▶ _Exercise_
Reproduce the material below only from the line with "I have this" to the line with "And the third", both included, keeping each line exact and dropping the pictures.

▶ _Data for this task_
----------

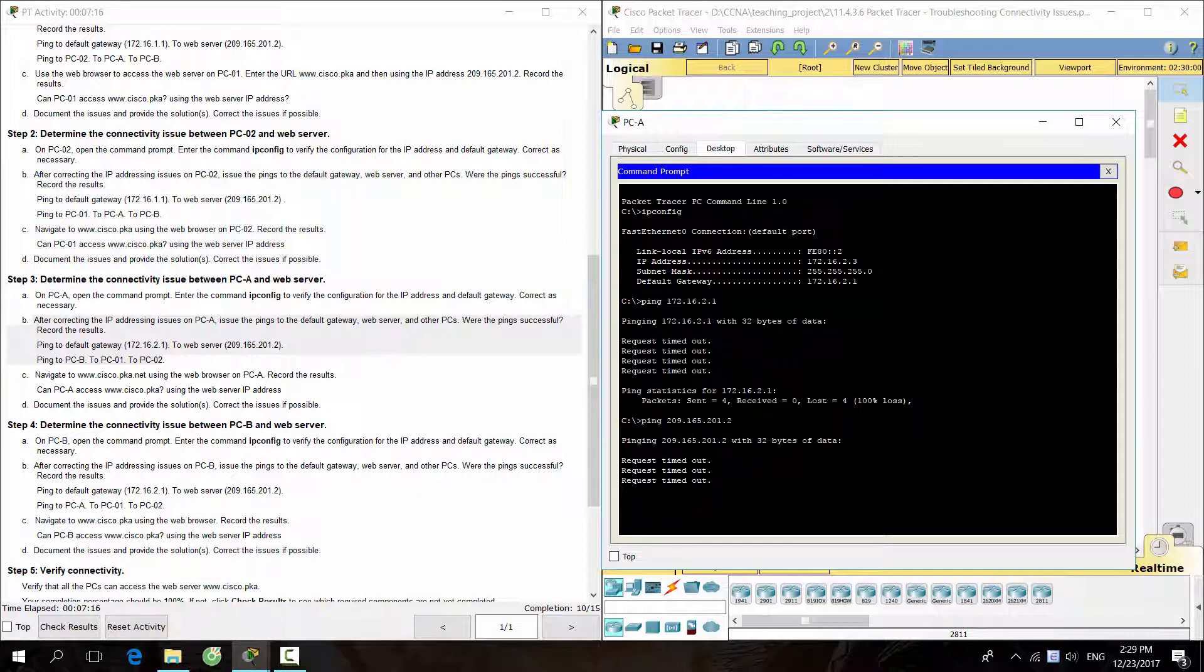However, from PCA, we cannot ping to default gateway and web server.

----------

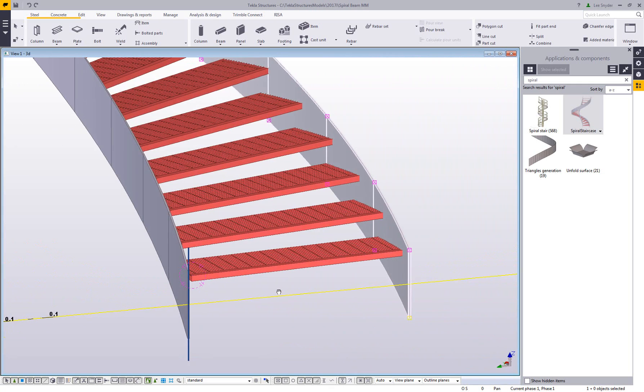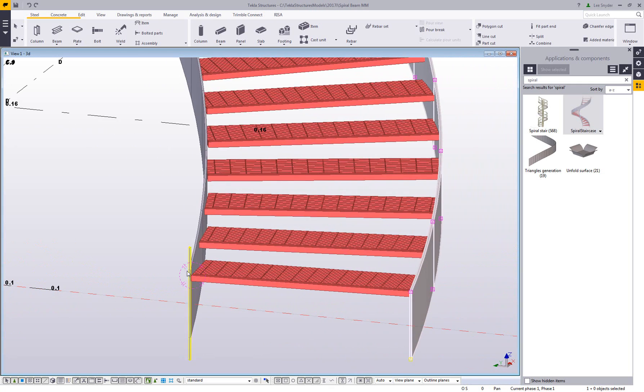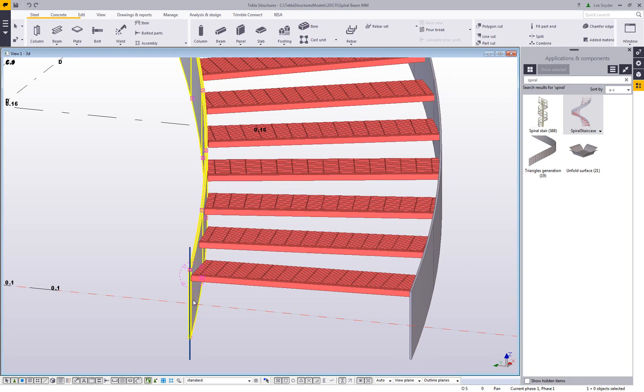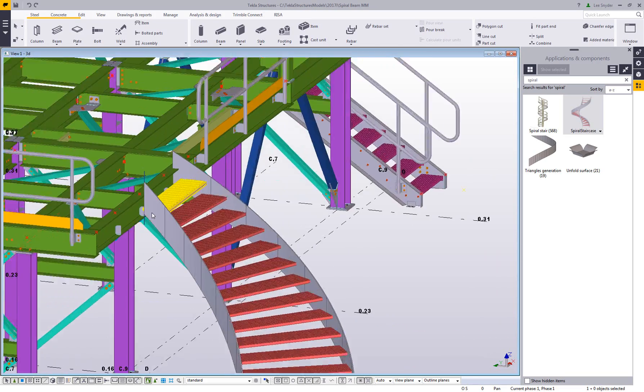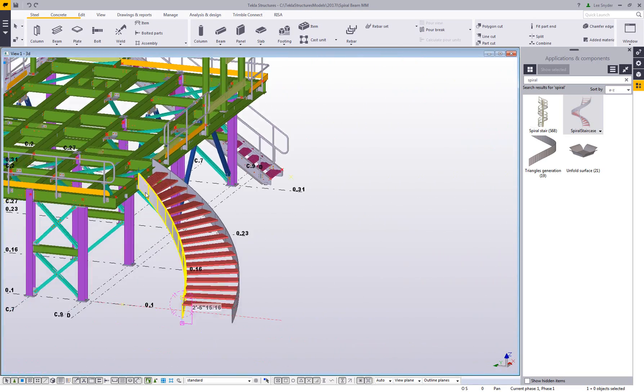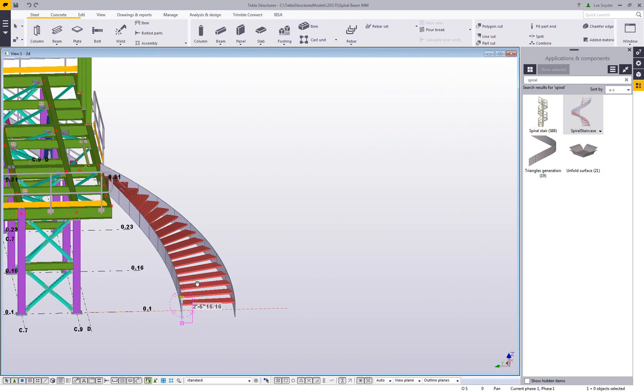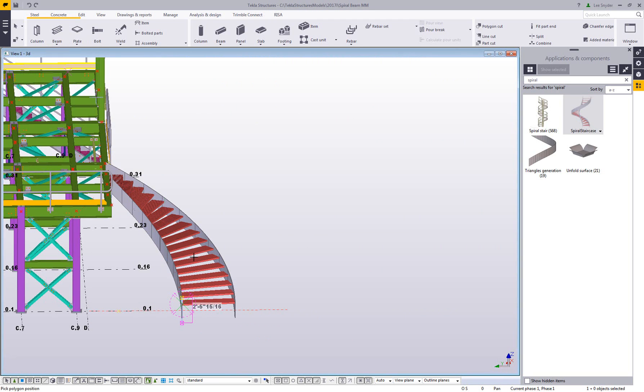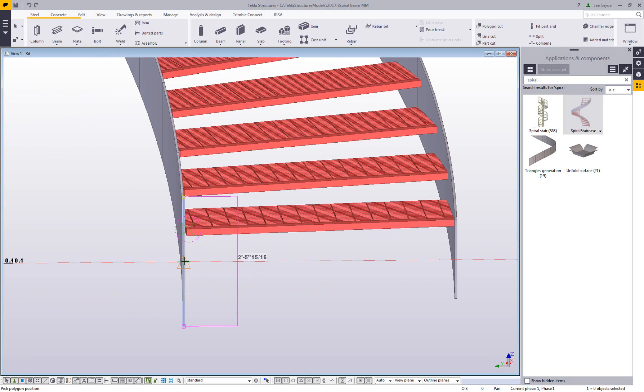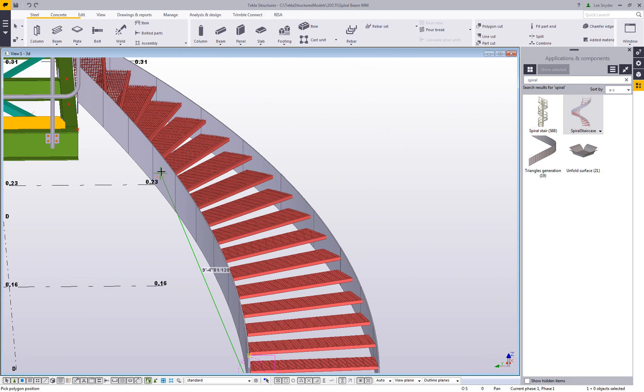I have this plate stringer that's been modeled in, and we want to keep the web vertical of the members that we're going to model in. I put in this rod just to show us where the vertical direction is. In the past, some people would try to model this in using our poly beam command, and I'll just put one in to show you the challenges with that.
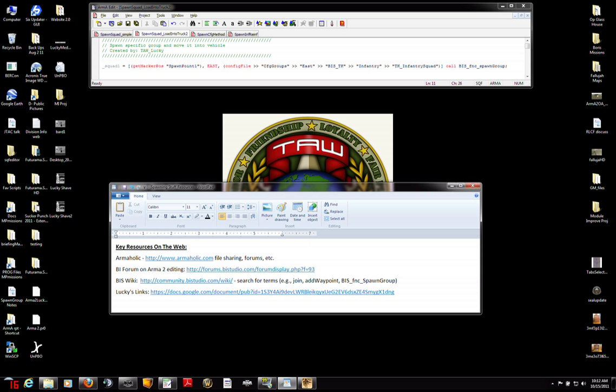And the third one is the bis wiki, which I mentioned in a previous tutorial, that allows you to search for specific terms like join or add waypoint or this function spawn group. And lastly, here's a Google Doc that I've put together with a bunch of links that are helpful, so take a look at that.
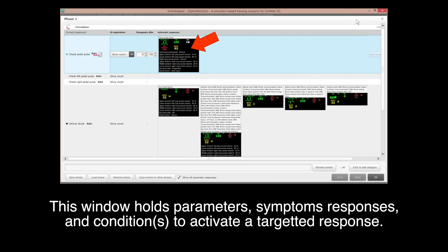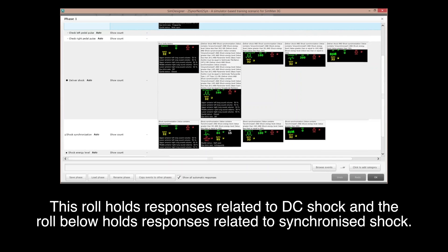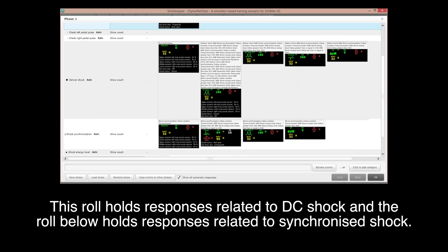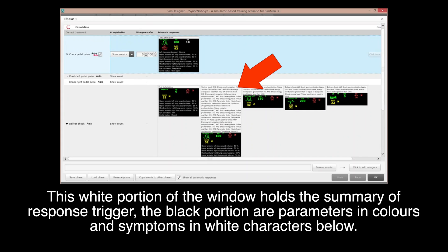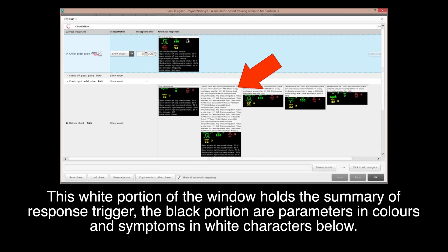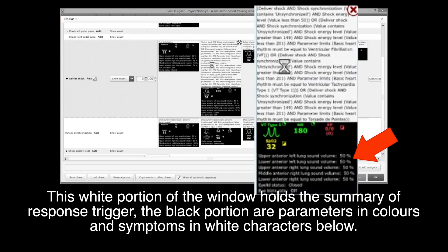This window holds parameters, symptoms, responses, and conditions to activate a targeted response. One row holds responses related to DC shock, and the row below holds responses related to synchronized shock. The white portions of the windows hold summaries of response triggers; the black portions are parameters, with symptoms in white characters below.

----------

▶ _Result below_
I have this plate stringer that's been modeled in, and we want to keep the web vertical of the members that we're going to model in. I put in this rod just to show us where the vertical direction is. In the past, some people would try to model this in using our poly beam command, and I'll just put one in to show you the challenges with that.
And the third one is the bis wiki, which I mentioned in a previous tutorial, that allows you to search for specific terms like join or add waypoint or this function spawn group. And lastly, here's a Google Doc that I've put together with a bunch of links that are helpful, so take a look at that.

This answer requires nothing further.